• **What you need to do**: Word for word, restate the entries below from their first line through the line that contains "2018 Toyota Tundra VIN:5TFEY5F12JX231339 - 7".

• **Dataset excerpts**:
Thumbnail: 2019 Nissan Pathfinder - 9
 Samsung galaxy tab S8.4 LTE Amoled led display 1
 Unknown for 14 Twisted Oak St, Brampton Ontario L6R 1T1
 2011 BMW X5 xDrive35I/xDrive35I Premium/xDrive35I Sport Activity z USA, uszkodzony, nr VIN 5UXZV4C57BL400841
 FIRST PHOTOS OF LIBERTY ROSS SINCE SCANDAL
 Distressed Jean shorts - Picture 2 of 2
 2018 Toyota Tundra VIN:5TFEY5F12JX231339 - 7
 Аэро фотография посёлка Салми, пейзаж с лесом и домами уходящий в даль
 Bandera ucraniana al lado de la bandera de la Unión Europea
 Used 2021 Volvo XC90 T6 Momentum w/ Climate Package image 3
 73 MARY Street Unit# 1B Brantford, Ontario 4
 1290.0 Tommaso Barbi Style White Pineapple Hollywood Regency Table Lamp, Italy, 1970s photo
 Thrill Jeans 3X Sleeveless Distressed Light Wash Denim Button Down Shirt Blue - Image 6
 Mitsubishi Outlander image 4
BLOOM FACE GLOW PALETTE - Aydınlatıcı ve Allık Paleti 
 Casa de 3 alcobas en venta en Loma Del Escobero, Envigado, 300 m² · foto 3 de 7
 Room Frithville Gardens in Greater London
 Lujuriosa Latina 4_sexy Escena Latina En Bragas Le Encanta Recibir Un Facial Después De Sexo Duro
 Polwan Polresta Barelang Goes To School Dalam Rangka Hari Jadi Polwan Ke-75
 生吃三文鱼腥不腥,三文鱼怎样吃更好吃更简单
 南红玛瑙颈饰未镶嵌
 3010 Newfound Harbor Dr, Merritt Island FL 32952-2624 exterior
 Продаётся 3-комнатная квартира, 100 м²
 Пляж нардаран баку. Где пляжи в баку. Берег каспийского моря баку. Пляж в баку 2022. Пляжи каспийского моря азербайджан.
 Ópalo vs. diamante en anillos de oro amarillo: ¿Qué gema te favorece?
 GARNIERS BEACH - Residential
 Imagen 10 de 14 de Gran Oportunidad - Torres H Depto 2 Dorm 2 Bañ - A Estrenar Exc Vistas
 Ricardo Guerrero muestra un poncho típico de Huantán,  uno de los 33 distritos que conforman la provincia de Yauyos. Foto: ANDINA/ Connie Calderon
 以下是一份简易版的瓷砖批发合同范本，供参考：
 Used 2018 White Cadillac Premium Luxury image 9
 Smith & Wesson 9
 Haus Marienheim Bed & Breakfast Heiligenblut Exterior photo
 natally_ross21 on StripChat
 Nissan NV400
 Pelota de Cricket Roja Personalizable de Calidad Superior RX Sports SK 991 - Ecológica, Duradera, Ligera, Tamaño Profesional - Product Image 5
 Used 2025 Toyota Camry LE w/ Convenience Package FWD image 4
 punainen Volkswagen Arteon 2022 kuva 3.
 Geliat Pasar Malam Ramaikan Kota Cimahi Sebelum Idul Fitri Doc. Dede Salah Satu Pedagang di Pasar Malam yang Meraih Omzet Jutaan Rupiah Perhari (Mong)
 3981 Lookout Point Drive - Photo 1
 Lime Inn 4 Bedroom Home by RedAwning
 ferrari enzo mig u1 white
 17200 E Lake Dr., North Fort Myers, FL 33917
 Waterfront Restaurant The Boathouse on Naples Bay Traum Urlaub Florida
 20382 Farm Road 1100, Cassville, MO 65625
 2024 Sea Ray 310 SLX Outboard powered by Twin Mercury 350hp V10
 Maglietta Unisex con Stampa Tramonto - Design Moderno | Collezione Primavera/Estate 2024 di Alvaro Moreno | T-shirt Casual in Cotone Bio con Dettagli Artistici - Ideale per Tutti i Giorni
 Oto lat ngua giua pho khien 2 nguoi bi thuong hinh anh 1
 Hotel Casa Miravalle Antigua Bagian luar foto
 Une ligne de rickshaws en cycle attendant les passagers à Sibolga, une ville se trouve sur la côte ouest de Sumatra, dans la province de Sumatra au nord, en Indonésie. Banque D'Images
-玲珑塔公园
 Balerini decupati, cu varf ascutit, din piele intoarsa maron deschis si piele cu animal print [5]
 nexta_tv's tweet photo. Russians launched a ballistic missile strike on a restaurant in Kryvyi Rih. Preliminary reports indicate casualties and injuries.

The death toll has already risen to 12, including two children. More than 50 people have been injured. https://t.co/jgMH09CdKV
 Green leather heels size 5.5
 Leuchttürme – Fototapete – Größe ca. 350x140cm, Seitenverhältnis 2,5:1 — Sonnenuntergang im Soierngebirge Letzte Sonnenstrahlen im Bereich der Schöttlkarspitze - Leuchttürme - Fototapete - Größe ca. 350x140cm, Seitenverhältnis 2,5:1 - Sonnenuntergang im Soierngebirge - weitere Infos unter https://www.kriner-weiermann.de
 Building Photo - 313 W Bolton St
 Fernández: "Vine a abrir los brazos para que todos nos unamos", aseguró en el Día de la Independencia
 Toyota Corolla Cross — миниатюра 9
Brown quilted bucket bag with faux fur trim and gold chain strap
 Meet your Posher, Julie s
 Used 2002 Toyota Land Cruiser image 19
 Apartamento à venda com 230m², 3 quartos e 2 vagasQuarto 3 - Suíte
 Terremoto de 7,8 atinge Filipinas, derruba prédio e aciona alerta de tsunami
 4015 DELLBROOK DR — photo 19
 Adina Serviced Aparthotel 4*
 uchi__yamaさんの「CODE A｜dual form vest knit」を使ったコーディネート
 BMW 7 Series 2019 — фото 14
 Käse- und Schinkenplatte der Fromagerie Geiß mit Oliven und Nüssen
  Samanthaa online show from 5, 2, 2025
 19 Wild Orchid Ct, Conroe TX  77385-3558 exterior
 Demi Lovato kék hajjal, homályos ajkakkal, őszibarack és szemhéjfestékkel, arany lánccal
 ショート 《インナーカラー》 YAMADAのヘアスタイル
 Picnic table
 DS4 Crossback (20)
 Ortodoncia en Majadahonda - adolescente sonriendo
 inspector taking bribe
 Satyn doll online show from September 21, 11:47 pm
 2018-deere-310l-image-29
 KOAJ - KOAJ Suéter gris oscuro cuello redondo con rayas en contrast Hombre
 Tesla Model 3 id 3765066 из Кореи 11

• **Response to the exercise**:
Thumbnail: 2019 Nissan Pathfinder - 9
 Samsung galaxy tab S8.4 LTE Amoled led display 1
 Unknown for 14 Twisted Oak St, Brampton Ontario L6R 1T1
 2011 BMW X5 xDrive35I/xDrive35I Premium/xDrive35I Sport Activity z USA, uszkodzony, nr VIN 5UXZV4C57BL400841
 FIRST PHOTOS OF LIBERTY ROSS SINCE SCANDAL
 Distressed Jean shorts - Picture 2 of 2
 2018 Toyota Tundra VIN:5TFEY5F12JX231339 - 7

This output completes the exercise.